Poster Presentation Melbourne Protein Group Student Symposium 2013

Investigating HCV escape mechanisms towards a broadly neutralising monoclonal antibody, MAb24 (#33)

Jun Gu 1 2 , Patricia Vietheer 1 , Yousef Alhammad 1 2 , Pantelis Poumbourios 1 2 , Heidi E Drummer 1 2 3
  1. Viral Fusion Laboratory, Burnet Institute, Melbourne, VIC , Australia
  2. Department of Microbiology, Monash University, Clayton, VIC, Australia
  3. Department of Microbiology and Immunology, University of Melbourne, Parkville, VIC, Australia

Hepatitis C virus (HCV) affects 200 million people worldwide.  It causes chronic liver diseases and is the main indicator for liver transplantation in developed countries.  Given its huge genetic diversity and high mutation rate, the development of a universal HCV vaccine is challenging.  Previous studies showed that HCV surface glycoprotein E2 interacts directly with its major host cell receptor CD81 and is the main target of antibody response.  Neutralizing antibodies targeting E2 can prevent infection both in vitro and in vivo.  Thus, generating an early broadly neutralizing antibody (brNAb) response against E2 will prevent the infection by diverse strains of HCV.
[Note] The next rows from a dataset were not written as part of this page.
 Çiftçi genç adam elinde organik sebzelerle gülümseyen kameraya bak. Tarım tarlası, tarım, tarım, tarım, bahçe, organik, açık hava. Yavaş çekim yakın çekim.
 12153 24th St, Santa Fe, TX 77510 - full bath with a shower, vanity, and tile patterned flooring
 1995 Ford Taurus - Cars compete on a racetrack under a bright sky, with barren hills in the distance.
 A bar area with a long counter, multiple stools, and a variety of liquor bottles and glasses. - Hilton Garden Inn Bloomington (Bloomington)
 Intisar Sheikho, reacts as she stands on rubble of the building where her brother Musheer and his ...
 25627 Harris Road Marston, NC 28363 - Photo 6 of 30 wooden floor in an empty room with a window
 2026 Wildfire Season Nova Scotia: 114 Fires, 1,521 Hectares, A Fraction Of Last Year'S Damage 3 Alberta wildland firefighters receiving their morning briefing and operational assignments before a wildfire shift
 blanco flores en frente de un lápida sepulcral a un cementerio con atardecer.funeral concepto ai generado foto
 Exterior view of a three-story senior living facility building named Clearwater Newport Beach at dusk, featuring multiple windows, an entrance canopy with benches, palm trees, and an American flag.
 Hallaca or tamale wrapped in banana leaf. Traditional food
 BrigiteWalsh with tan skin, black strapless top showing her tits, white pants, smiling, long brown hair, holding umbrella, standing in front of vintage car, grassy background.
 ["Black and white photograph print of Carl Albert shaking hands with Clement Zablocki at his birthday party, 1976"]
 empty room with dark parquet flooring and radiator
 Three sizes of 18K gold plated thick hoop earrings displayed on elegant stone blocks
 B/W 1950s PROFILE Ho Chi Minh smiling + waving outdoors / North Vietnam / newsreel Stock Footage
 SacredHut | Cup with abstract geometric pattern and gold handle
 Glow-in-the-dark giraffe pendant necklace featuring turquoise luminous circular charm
MAb24 is a mouse monoclonal brNAb elicited in response to immunization with Delta3TM, a lead vaccine candidate developed by our group that contains the highly conserved minimal core domain of E2.  Biochemical analyses indicate that MAb24 cross reacts with E2 from six major genotypes and inhibits E2-CD81 interaction.  Epitope mapping revealed that MAb24 recognises region that partially overlaps with previously characterized MAbs but also recognises distinct residues on E2.  Therefore, MAb24 has potential for as an immunotherapeutic agent. 

Antibodies of similar specificity to MAb24 can be elicited during natural HCV infection. In this study we used MAb24 to determine how HCV can escape antibody-mediated neutralization. The Huh 7.5 liver cell line was infected with cell culture derived HCV in the presence of a 90% neutralizing dose of MAb24 and serially passaged in the presence of MAb24 in vitro.  After 9 passages, MAb24 resistant virus was detected.  Sequencing of the viral cDNA revealed that escape to MAb24 involves acquisition of an N415D mutation, which is a direct change in the MAb24 epitope region and increases viral affinity for CD81. The escape mechanism may involve an increased ability of the virus to mediate cell-cell spread. In conclusion, we hope to better understand the specificity of brNAbs and the mechanism of viral escape. This will aid vaccine design.